| Summary: | Benchmark inline asm in SDL_stdinc.h and maybe remove it | ||
|---|---|---|---|
| Product: | SDL | Reporter: | Ryan C. Gordon <icculus> |
| Component: | *don't know* | Assignee: | Ryan C. Gordon <icculus> |
| Status: | RESOLVED FIXED | QA Contact: | Sam Lantinga <slouken> |
| Severity: | minor | ||
| Priority: | P2 | ||
| Version: | HG 2.0 | ||
| Hardware: | x86 | ||
| OS: | Other | ||
| Attachments: | Test program... | ||
|
Description
Ryan C. Gordon
2013-03-15 01:43:11 UTC
Created attachment 1214 [details]
Test program...
Ok, here's what I've got. Attached is a simple test program. It just does SDL_memset4() on a stack buffer, then does it with memset()...the theory is that we'll get into the L2 cache and then be testing the algorithm instead of memory latency.

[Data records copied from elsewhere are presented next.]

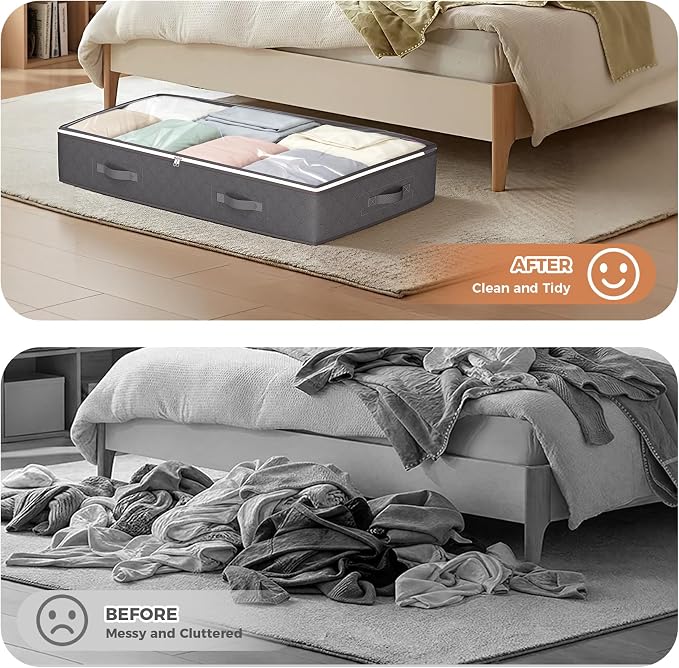 95L Under Bed Storage Containers, 4 Pack Closet Organizers Grey | Foldable - Image 7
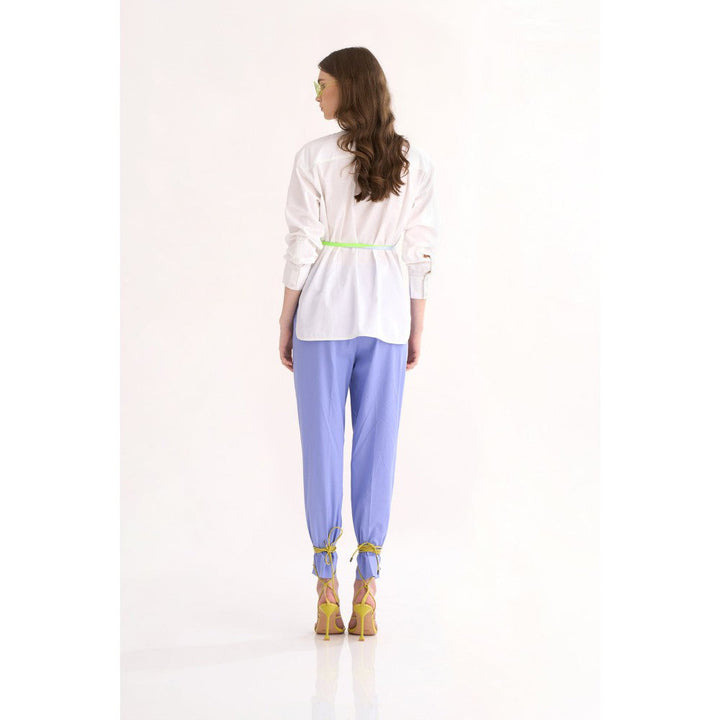 Our Love White Cotton Satin Shirt with Neon Tape Tie Ups Paired with Pleated Pants (Set of 2)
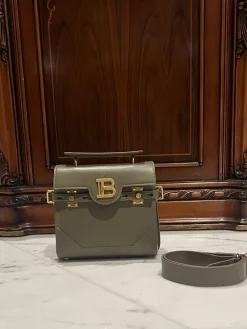 BALMAIN Totes Bags Leather (Gray-Gold) One Size I80202608100293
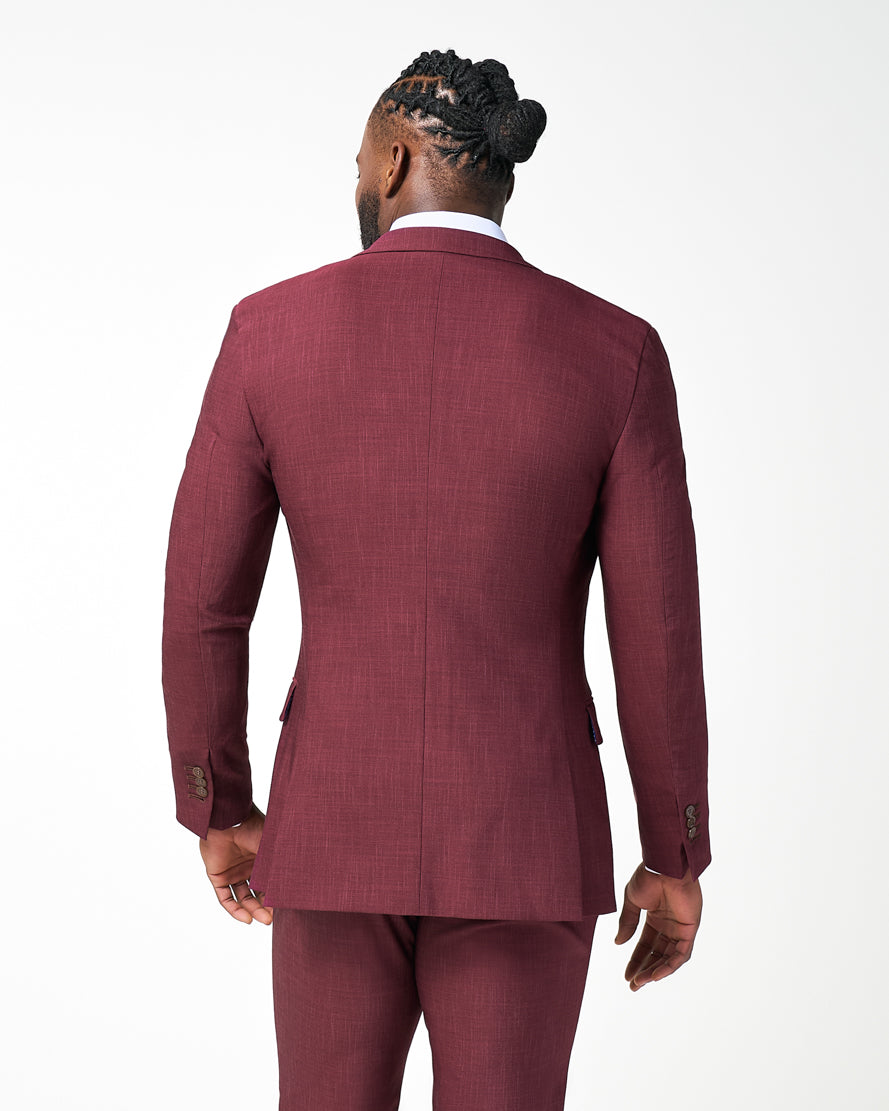 Athletic Fit Stretch Blazer - Heathered Maroon | State & Liberty Suits|Blazers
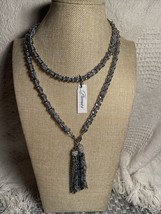 Premier Designs Jewelry Dusk Blue Leather Necklace Womens Reduced Vintage - £17.65 GBP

Here's what I get testing SDL_memset4() on a Retina MacBook Pro, 32-bit process:
asm average: 336.600000
sys average: 228.200000
So system memset() beats SDL_memset4() here. Oh, hey, what happens on x86-64 when we don't get the inline asm?
asm average: 860.200000
sys average: 231.600000
(gcc -O3 in all these cases. "clang -O3" on amd64 does ~654 milliseconds. clang for x86 is about equivalent to gcc.)
--ryan.
On Linux x86-64, this yields: asm average: 569.200000 sys average: 289.600000 On Linux x86: asm average: 311.600000 sys average: 290.200000 --ryan. On Windows, Visual Studio 2010 with /Ox optimizations appears to realize this memset() is useless and makes it a no-op, making the memset() test take zero milliseconds. :) SDL_memset4() never uses the asm code on Visual Studio (just the C fallback), so I say we dump this code. As we're moving into x86-64 and ARM processors as the main targets, we never get the asm code anyhow, and even the asm code can't keep up with the system's C runtime versions on any platform. --ryan. Removed in hg changeset 898992405fa7. --ryan. Backed out commit 898992405fa7 because memset() does a byte fill and SDL_memset4() does a uint32 fill and this change breaks SDL_FillRect() Closing this as FIXED because the rest of the inline ASM got removed, and SDL_memset4 needs to stay (whoops!). --ryan. |